The Problem with Nando’s Black Card
I’m a big fan of Nando’s — my local branches at Middlesbrough and Teesside Retail Park see me often enough. I like the food, I like the vibe, and I’ve got no issue with the idea of rewarding loyalty. In fact, a proper reward card that gives something back to regular customers is a good principle.

Where I take issue is with the so-called “Black Card” (or “High Five Card”) that Nando’s hands out to celebrities. The idea of free meals isn’t the problem — it’s who gets them. The rumoured holders are millionaires, chart-topping musicians, TV presenters. People who can pay for their own meal ten times over without blinking.
This isn’t about jealousy. I’m not sat here wishing Ed Sheeran or Vernon Kay had to fumble around for a fiver at the till. It’s about fairness. If anyone deserves a free plate of peri-peri chicken, it’s the hard-working people who save up to bring the family once a month, or the student scraping together enough coins for a cheeky Nando’s treat.
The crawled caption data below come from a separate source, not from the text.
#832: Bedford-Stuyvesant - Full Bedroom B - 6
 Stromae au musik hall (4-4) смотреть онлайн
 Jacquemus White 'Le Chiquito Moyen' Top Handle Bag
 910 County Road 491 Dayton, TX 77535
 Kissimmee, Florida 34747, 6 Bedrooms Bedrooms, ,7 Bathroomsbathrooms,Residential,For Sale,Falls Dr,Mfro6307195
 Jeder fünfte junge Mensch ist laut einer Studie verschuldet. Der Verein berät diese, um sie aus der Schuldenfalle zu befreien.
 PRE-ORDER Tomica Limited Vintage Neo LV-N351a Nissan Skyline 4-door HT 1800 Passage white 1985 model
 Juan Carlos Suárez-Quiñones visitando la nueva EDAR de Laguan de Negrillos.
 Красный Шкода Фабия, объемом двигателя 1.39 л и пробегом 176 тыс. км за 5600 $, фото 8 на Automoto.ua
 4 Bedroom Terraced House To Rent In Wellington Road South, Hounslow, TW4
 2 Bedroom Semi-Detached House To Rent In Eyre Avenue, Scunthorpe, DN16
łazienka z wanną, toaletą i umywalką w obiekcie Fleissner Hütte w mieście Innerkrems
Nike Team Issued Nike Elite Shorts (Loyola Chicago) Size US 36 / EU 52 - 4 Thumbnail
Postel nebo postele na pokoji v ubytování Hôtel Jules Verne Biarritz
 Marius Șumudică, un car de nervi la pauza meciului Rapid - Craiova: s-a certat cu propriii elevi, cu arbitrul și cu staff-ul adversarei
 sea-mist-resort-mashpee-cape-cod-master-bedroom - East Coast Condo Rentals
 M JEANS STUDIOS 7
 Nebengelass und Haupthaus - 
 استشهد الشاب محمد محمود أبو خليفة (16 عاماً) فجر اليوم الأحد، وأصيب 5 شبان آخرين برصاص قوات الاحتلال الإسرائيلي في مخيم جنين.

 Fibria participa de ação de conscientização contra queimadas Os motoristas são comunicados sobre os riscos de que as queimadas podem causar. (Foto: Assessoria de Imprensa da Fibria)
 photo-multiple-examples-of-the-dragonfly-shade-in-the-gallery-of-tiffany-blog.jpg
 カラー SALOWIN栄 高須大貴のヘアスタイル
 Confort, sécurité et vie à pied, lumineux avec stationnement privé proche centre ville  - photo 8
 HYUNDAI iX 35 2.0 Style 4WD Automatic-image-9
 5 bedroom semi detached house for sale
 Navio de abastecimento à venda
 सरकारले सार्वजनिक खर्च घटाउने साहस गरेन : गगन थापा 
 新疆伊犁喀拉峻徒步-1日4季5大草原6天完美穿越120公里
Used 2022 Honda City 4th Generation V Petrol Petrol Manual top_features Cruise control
The card, as it stands, does the opposite — it rewards those who need it least and leaves out the customers who’d actually appreciate it.
Marketing Dressed Up as Generosity
Let’s not kid ourselves: the Black Card isn’t about kindness, it’s about publicity. When a celebrity posts a photo from Nando’s, it makes headlines. When they casually mention it in an interview, that’s thousands of pounds’ worth of free advertising. Giving them free meals costs the company a fraction of what they’d otherwise spend on marketing campaigns.
In other words, it’s not generosity — it’s a calculated PR move. Nando’s gets more buzz from a famous face flashing their Black Card than they ever would from a billboard on the High Street. The problem is, while it’s clever from a branding point of view, it leaves the rest of us — the paying customers — feeling a bit undervalued.
If the company wants to generate loyalty and goodwill, wouldn’t it make more sense to show the same appreciation to the people who actually keep their local branches — like Middlesbrough and Teesside Retail Park — in business every day?
Limited Marketing, Alienated Customers
What makes the whole Black Card scheme even stranger is that it’s not even the most effective way to market. Not everybody keeps up with celebrity gossip or reads the latest interviews — I certainly don’t. So if Ed Sheeran or Vernon Kay happens to mention Nando’s, it completely passes me by. For customers like me, the card does nothing.

In fact, I’d argue it risks alienating loyal diners. The message it sends is: “We’ll reward fame, not loyalty.” That leaves a sour taste. If you really want to reach ordinary people — the ones turning up at Middlesbrough or Teesside Retail Park on a Saturday night — then do what works: run adverts on the radio, put up a few billboards, sponsor local events. Those things actually reach the people who matter most to your business.
Right now, the Black Card feels like a gimmick that flatters celebrities while forgetting about the regulars. And if the customers who keep your tills ringing start to feel undervalued, that’s bad business.
A Better Alternative: Rewarding Real Loyalty
To be fair, Nando’s already has a rewards system — collect your chillis, trade them in for free food. It’s simple, and it works. But if they really wanted to replicate the spirit of the Black Card, why not expand it into something bigger? Imagine a Gold Card, earned by genuine loyalty. Visit a certain number of times in a year, spend a certain amount, or hit a “superfan” milestone, and you unlock something extra: free meals for a month, an exclusive menu item, or even the ability to bring a friend along for free.
Better still, they could run promotions that reward everyday customers at random. Radio stations do this all the time — text in and you might win a grand. Nando’s could easily adapt that model: dine in during a certain week and you’re automatically entered into a prize draw for free meals for a year. That would create excitement, pull more people through the doors, and actually make customers feel valued.
That’s the key point: make customers feel valued. The Black Card, as it stands, does the opposite. It flatters celebrities, but risks leaving regulars with the impression that their loyalty counts for less than a blue tick. If Nando’s wants to keep its image as the people’s favourite chicken spot, then the people — not the already-privileged — should be the ones reaping the rewards.